To output unaligned PacBio reads in FASTA and FASTQ - pb-cdunn/blasr GitHub Wiki
In order to output unaligned PacBio reads in FASTA format, use blasr -unaligned option . Example:
$ blasr input.fofn ref.fasta -unaligned unaligned.fasta
blasr only output unaligned PacBio reads in FASTA format, in order to get unaligned PacBio reads in FASTQ format, please try the following python script.
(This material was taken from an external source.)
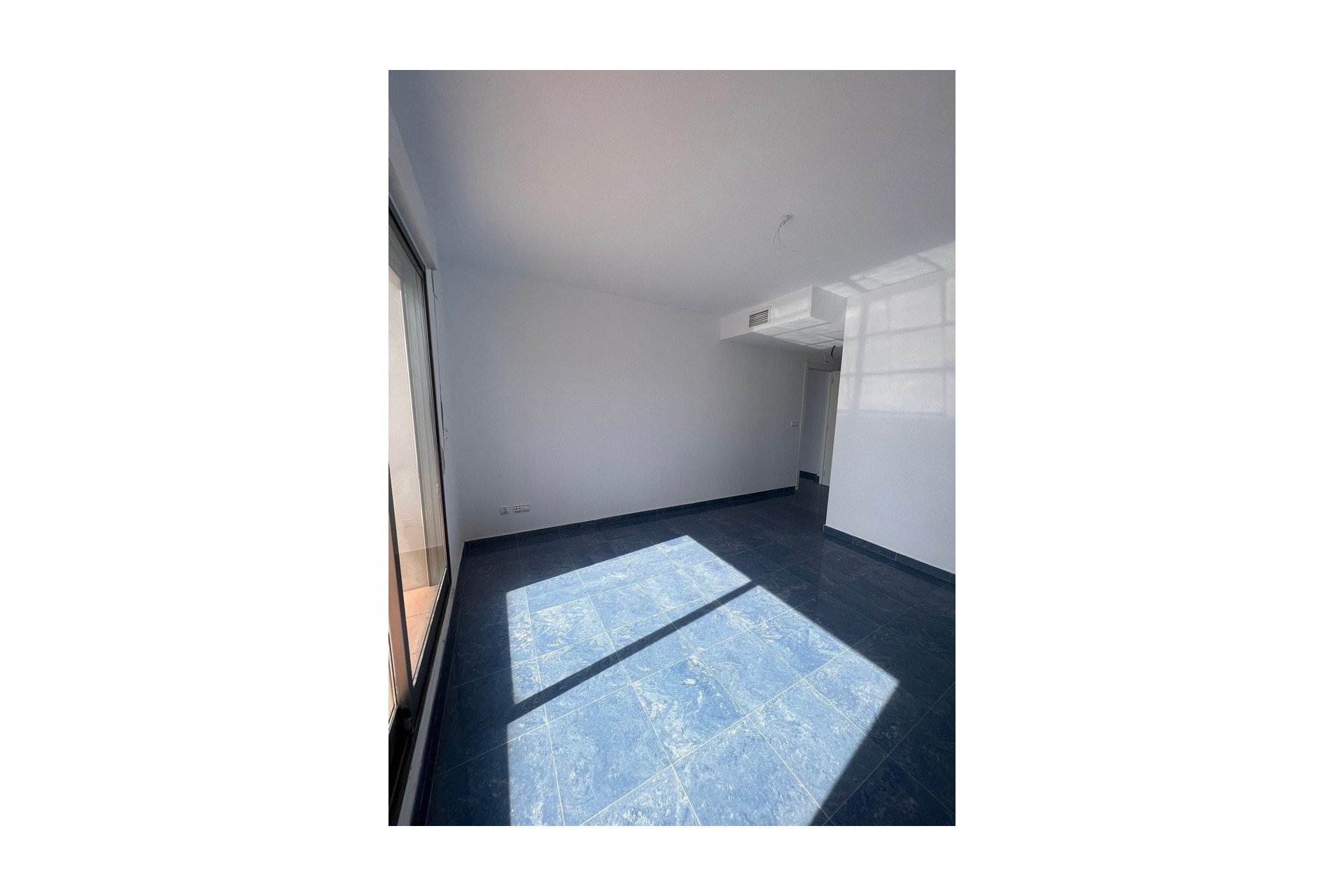 Nieuwbouw Woningen - Appartement / Flat - Calpe - Playa La Fossa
You will need to install pbcore and have SMRTCells (input.fofn) available.
#!/usr/bin/env python
from pbcore.io import *
fofn = "input.fofn" # input fofn of SMRTCells
unaligned_fa = "unaligned.fasta" # input unaligned PacBio reads in fasta file
unaligned_fq = "unaligned.fastq" # output unaligned PacBio Reads in fastq file
# Scan over bas.h5 file in fofn
h5 = BasH5Collection(fofn)
# output fastq writer
fqwriter = FastqWriter(unaligned_fq)
for read in FastaReader(unaligned_fa):
# iterate over unaligned reads
subread = h5[read.header]
# write to output fastq
fqwriter.writeRecord(subread.readName, subread.basecalls(), subread.qv("QualityValue"))